Which night light is best...?

I have a 45 gallon salt water fish container with all fish and one anemone I will soon be up grading to a 55 gallon within a couple of months the tank that i have now have the stock florescent light its kind of pinkish i dont want anything to happen to my fish or the anemone till i bring the new tank which light will they survive sour of better 50/50, actinic or 10,000k?
Sounds like you've already settled to upgrade. good move.
now, in the meantime, whether you only have one strip light, I would turn with the 50/50. You will get the wavelengths that you need for the anemone next to out the toilet bowl blue look that you get from actinic bulbs.
This depends on the depth of the tank not on the gallons of water. Light is spellbound by the water.

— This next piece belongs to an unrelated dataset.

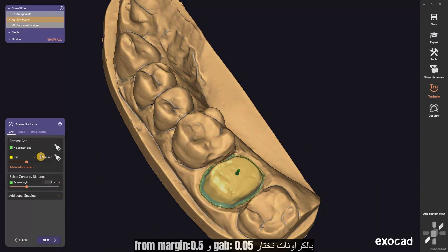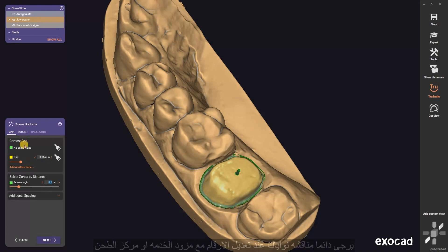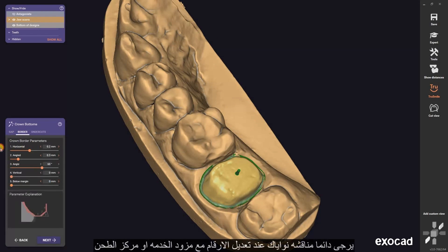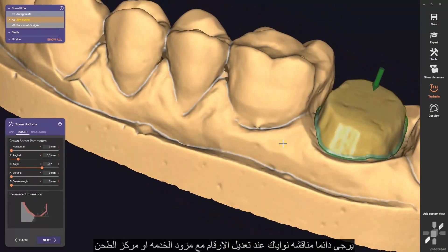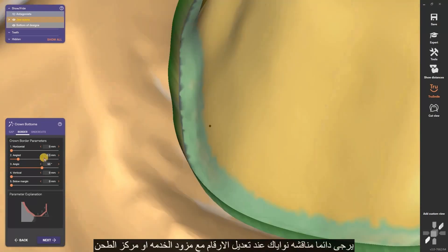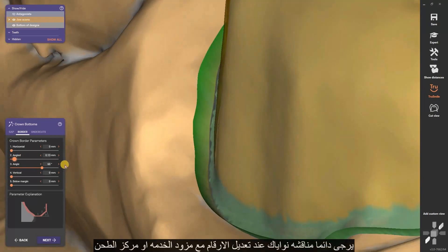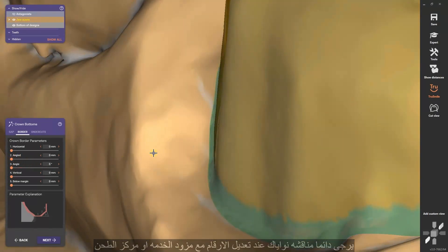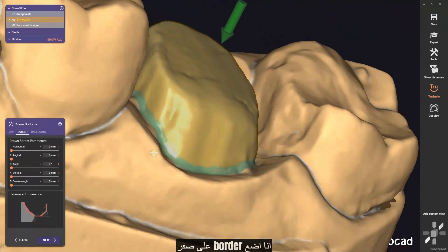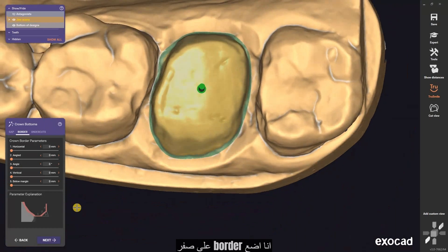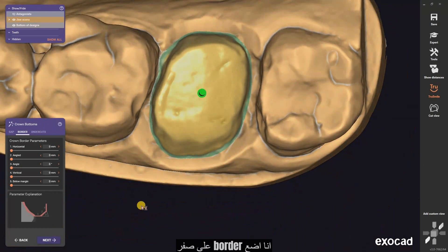In crowns, we will put the gap at 0.05 mm and from margin 0.5 mm. Please always discuss your intentions when adjusting numbers with your service provider or milling center support. I put all the border on zero.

You need to check the requiremnts for your particular anemone but most approaching bright light with blue so actinic would be best for them but it does spend on your species
Probably the 50/50.
It doesn't business much for your fish, but your anemone, if it's one of the photosynthetic ones, needs lots of bright light.
id upgrade the light fixture a stock fluorescent isnt that virtuous coral and anemones are pretty high demand i would get t-5 lofty output bulbs. You get more lumens/wattage with them. However, any light fixture will be expensive compared to a T8 fixture
Answers:    You do realize that the 50/50 just combines the 10,000K and the actinic?

It's good to have both types, although I deem most reefkeepers prefer to keep the tubes separated into the 10,000K and the actinic and put them on two different timers. They you can turn the actinic on in the morning for about an hours back you turn on the 10,000, and at the end of the day, you turn the 10,000K off going on for an hour before the actinic. This way, you don't shock your fish with a sudden explosion of buoyant, it gets brighter gradually, and they go rotten the same way, just close to what happens when the sun rises and sets. Plus, some corals need this type of light correction to reproduce.

If your hood has two tubes, I'd go with the 10,000K and an actinic. But it sounds to me as though whether you're using stock tubes, you may just have a Normal Output hood, not a compact fluorescent or a T-5 system. An anemone won't survive long under NO fluorescents, they call for the brighter lighting of the other types. If what you have is NO, upgrade the type of light instead of replacing the tubes in the hood you enjoy. Both of the others come in 10,000K and actinic too.